▸ **Required action**:
From the line containing "Tarick de Brito da Silva" down to the last line of the listing, quote everything word for word, and nothing else, keeping pictures out.

[Supplied material — start]

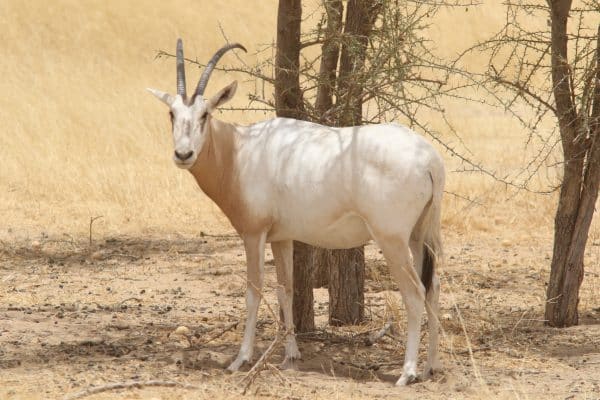 SCF Oryx Project Receives Strong Presidential Support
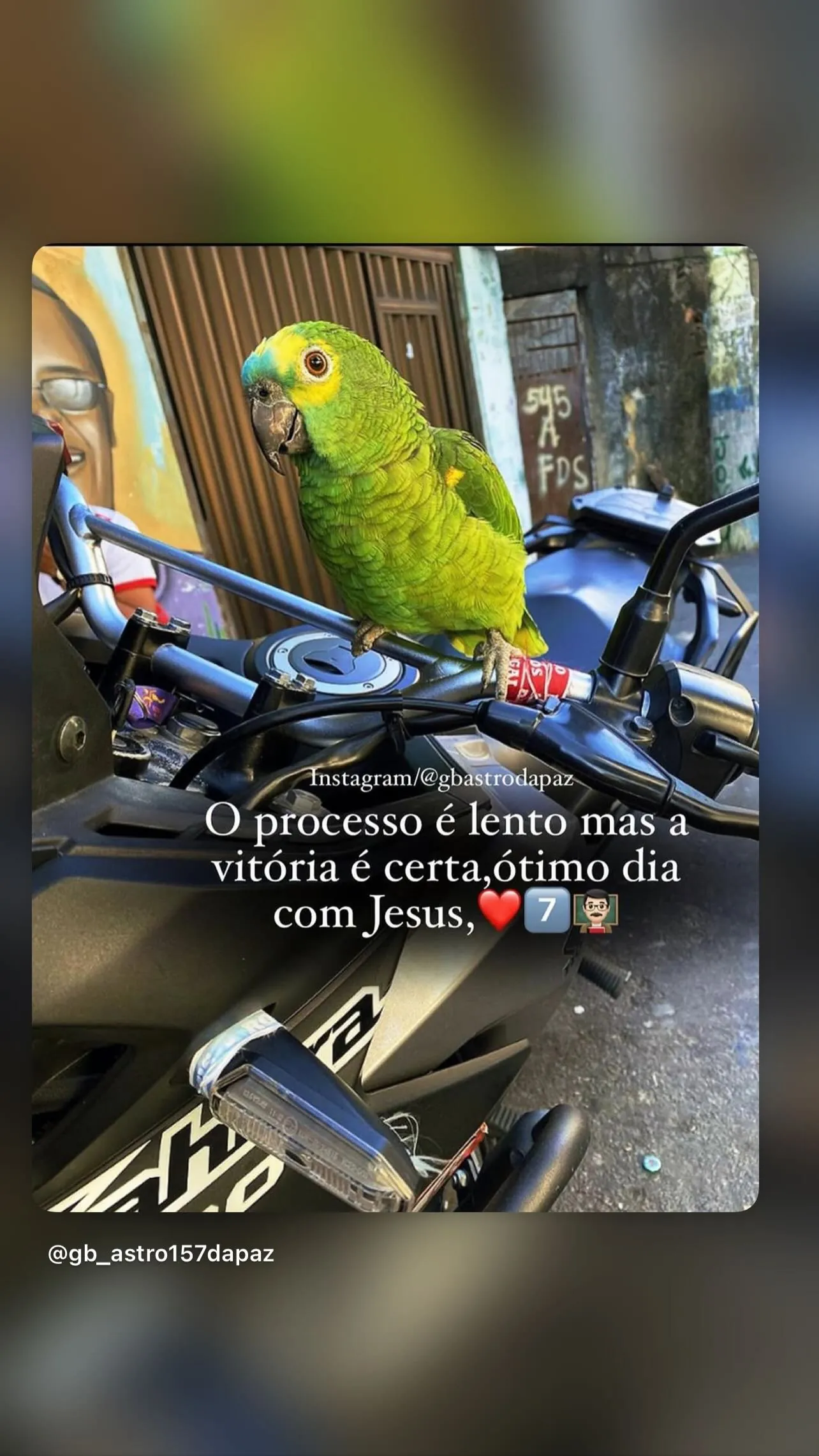 Tarick de Brito da Silva
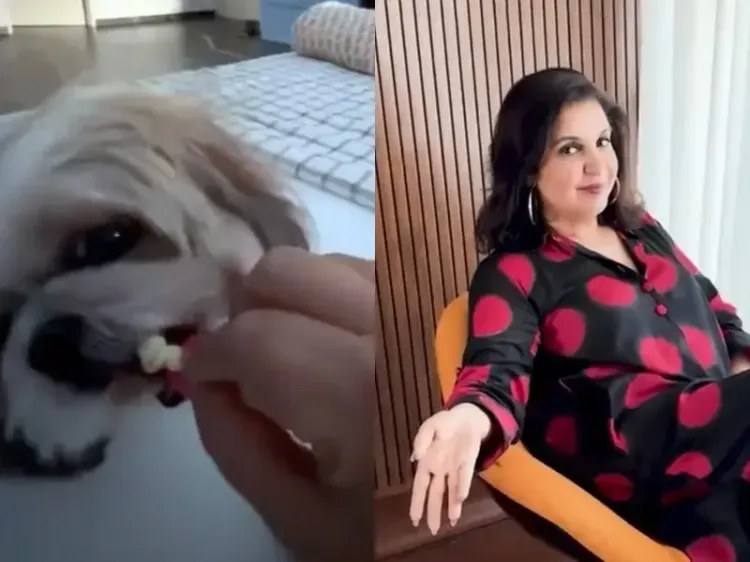 Farah Khan Amusingly Shares How Her ‘Princess’ Smoochy Gets Worn Out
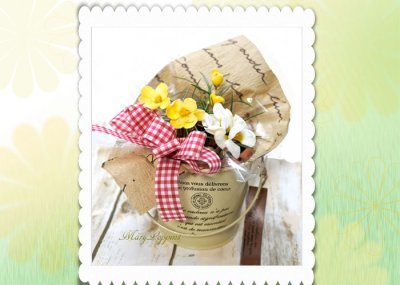 画像3: クロッカスの鉢植えギフト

[Supplied material — finish]

▸ **Exercise output**:
 Tarick de Brito da Silva
 Farah Khan Amusingly Shares How Her ‘Princess’ Smoochy Gets Worn Out
 画像3: クロッカスの鉢植えギフト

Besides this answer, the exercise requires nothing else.